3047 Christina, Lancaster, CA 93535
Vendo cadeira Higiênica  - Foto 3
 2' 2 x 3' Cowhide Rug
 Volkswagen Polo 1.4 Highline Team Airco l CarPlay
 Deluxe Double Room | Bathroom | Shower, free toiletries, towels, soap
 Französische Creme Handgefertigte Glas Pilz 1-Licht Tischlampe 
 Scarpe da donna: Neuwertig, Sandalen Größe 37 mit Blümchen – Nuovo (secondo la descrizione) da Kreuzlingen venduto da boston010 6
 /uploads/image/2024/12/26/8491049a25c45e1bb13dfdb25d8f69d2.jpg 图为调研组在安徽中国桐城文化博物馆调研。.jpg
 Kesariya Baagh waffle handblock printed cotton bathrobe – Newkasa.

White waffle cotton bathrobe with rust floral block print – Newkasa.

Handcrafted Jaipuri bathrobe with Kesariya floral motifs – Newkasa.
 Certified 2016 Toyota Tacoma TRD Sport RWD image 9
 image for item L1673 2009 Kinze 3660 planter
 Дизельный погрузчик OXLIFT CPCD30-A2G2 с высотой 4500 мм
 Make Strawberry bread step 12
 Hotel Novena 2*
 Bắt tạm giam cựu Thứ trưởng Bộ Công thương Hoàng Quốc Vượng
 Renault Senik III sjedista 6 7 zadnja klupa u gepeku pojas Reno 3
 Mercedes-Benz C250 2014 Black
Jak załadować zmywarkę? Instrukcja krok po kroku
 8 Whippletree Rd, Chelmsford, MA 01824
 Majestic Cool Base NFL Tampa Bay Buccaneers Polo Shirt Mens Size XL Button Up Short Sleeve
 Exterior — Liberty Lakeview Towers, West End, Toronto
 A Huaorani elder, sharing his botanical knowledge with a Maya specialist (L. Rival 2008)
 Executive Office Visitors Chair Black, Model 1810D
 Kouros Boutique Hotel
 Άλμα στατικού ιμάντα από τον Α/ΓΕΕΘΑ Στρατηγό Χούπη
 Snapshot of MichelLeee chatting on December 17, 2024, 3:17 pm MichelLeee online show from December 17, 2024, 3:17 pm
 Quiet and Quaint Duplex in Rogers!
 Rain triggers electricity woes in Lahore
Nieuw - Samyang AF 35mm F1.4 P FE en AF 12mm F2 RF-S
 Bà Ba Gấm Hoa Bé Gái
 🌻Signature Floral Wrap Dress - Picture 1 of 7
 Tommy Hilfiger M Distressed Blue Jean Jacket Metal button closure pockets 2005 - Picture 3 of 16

▸ Your task: Wherever the word "bathrobe" occurs in a line of the listing, copy that line.

▸ Output:
 Kesariya Baagh waffle handblock printed cotton bathrobe – Newkasa.
White waffle cotton bathrobe with rust floral block print – Newkasa.
Handcrafted Jaipuri bathrobe with Kesariya floral motifs – Newkasa.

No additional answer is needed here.